Lifestyle Equities CV v Ahmed

In Lifestyle Equities CV and another v Ahmed and another [2024] UKSC 17 the Supreme Court was required to consider the extent of a director’s liability for causing their company to commit a civil wrong.

Facts

The appellant, ‘Ahmed’ and his sister were directors of ‘Hornby Street Ltd’, a company which manufactured and sold clothing. The respondent, ‘Lifestyle’ held registered trademarks for ‘Beverly Hills Polo Club’ and devices which included hose-riding polo players. Lifestyle alleged that Hornby Street had infringed this trademark by selling clothing with the words ‘Santa Monica Polo Club’ on them, with images of horse-riding polo players.

So, Lifestyle claimed against Hornby Street (as well as other companies) and the Ahmeds. Lifestyle were successful – the judge found that Hornby Street had infringed the trademark and misrepresented that goods belonged to another. The court also found that the Ahmeds were jointly liable along with Hornby Street.

Hornby Street was dissolved, preventing any recovery of damages. Against the Ahmeds, Lifestyle had sought an account of the profits made from the wrong. The trial judge held that the Ahmeds did not have to account for the profits Hornby Street wrongfully made, but they did have to account for part of their salary they had personally received. The trial judge decided the Ahmeds should pay 10% of their salaries over the infringing period. This was upheld by the Court of Appeal, and both parties appealed to the Supreme Court.

Issues

  1. What is the nature and extent of accessory liability for a strict liability tort?
  2. Should a director who is found to be liable as an accessory repay the profits that company wrongly makes? Or, should the director only be liable for the sums they personally received?

Decision

The Supreme Court unanimously dismissed Lifestyle’s appeal and granted Ahmed’s appeal.

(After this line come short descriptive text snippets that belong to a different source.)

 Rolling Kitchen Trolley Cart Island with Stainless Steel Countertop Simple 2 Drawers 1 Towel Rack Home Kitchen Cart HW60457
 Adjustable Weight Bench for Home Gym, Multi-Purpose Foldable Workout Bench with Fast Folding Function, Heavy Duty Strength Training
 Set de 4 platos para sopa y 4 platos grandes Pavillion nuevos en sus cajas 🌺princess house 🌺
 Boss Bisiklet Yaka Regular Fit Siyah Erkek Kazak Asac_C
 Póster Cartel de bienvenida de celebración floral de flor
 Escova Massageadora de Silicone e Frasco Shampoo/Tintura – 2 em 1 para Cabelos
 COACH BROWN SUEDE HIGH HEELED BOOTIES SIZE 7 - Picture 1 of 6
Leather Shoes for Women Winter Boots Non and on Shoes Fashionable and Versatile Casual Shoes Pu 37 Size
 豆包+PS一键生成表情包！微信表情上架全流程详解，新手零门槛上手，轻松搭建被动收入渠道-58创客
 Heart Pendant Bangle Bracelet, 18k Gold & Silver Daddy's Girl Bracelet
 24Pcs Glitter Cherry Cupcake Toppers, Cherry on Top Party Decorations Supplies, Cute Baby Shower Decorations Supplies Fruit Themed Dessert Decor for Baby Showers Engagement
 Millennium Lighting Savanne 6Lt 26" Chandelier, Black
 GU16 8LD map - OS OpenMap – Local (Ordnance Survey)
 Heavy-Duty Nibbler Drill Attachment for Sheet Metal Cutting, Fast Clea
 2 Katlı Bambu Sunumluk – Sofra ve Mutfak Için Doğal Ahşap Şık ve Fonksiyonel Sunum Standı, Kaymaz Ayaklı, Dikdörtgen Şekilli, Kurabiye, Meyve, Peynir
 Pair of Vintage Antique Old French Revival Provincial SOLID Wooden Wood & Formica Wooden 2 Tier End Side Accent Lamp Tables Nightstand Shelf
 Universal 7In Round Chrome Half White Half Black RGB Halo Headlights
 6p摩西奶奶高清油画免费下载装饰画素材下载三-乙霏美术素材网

Trademark infringement is a strict liability tort. This means the court does not need to determine the state of mind of the wrongdoer. Here, the wrongdoer was Hornby Street, which had manufactured and sold the infringing clothing, and they were strictly liable. The claim against the Ahmeds was that they were accessories to this wrongdoing, by procuring Hornby Street to commit the infringing acts, or acting with a common design.

However, the court held it would be unjust to hold a person liable for procuring a wrong where they acted in good faith and without knowledge of the facts which made the other’s act wrongful. The logical reason for applying a requirement for a ‘state of mind’ is that accessory liability is not the same as primary liability and the ingredients of a claim are not the same. A person can only be jointly liable for causing another to commit a wrongful act if they have knowledge of the essential facts which makes the act wrongful. The Ahmeds did not possess this knowledge and thus were not jointly liable.

As to the claim for an account of profits, the court held the Ahmeds could not be required to pay profits earnt by Hornby Street. The court cannot order a person to pay profits earnt by another. This would amount to a penalty, or a fine, which is not the purpose of the remedy, which is to require a person to repay that which they have wrongfully received. It was wrong to order the Ahmeds to account for a proportion of their salaries – there was nothing to show that the salaries were anything other than standard remuneration. Accordingly, the salaries also could not be considered profits from wrongful actions and there was no obligation for the Ahmeds to account for them.   

Discussion

Directors around the country will breathe a sigh of relief after this decision. Claimants must now prove a director’s state of mind before a finding of accessory liability can be made – in many cases, this will prove a significant hurdle. Evidence of a director’s state of mind will often be hard to come by, particularly in cases where they are closely involved with the business, such as in small or family-run companies.

Even if a claimant can jump this hurdle, the Supreme Court has limited the scope of any damages to be awarded. The remuneration received by the directors is likely to be far less than the scope of profits enjoyed by the company, which in cases of insolvency will be difficult to recover. Even then, the burden lies with a claimant to prove compensation like a salary falls outside of ordinary remuneration.